Archive for the ‘algorithms’ Category

Scripted merge

Saturday, May 24th, 2008

I've been thinking a bit about version control systems. It occurs to me that almost every element of a version control system is actually fairly easy technically except for two - diff and merge.

Diff is the process of finding the difference between two files - I've written about some ways to deal with this in the past.

Merge is process of taking two changes X and Y and finding the change Z consisting of both X and Y. This sounds easy but it's really solving the "A is to B as C is to what" problem (the original being A, X being B, Y being C and Z being the answer). Suppose X is adding a method to a class and Y is renaming the same class. Most merge systems would add the new method with the original name (since Y didn't include renaming of the new method).

I think the answer is to treat every change as a little program in its own right. X isn't just "inserting the lines corresponding to the new method", it's "insert the lines corresponding to the new method, substituting the current name of the class where appropriate" and Y isn't just "change this list of instances of Foo to Bar" it's "change Foo to Bar everywhere it appears in the context of a class name in namespace Baz". In other words, have the changes themselves actually have some intelligence about what they are supposed to be doing. Then these programs could just be "run" (in any other) and produce the correct result.

Such changes would be more than just lists of "insert this text in this position in this file" and "delete this text from this position in file", and could therefore not easily be generated from diffing two files.

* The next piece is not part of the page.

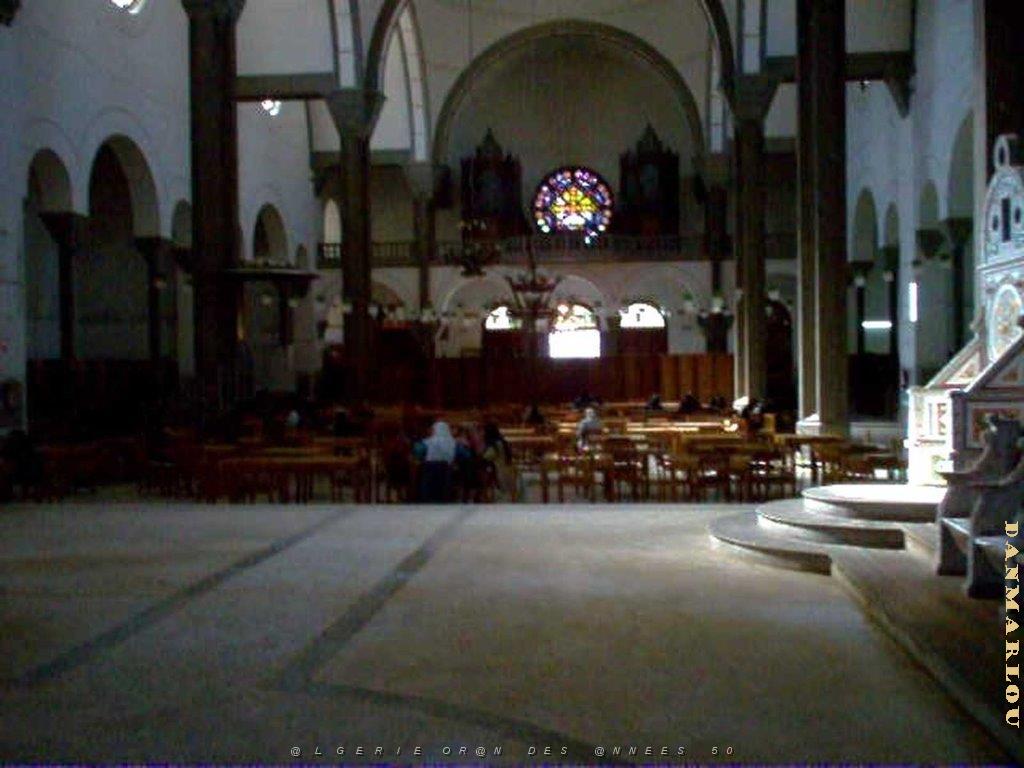 Algerie avril2005 105.jpg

However, such changes could be generated by a text editor which has some understanding of the format of the files it is used to edit. For example, if such an editor had a "rename class" command, it could generate a change saying exactly that.

Diff algorithm

Wednesday, May 21st, 2008

Determining where the differences are between two files is a very important application in many areas of computing. I use it all the time when programming (to get an overview of my most recent changes). It's also used in file compression (so that only changed parts of big files need to be stored/transmitted) and in genetics.

The usual algorithm for diff is to find the longest common subsequence (LCS) between the two files, or equivalently, the edit script (the set of insertions and deletions you need to transform one file into the other).

However, this may not be the best algorithm for looking at differences between pieces of source code. People who edit source code don't just insert and remove text, they also move things around. This isn't handled so well by the LCS algorithm. Refinements are possible (like trying to match up adds with corresponding deletes to turn them into moves) but I think better results might be obtained by using an algorithm designed from scratch to handle moves.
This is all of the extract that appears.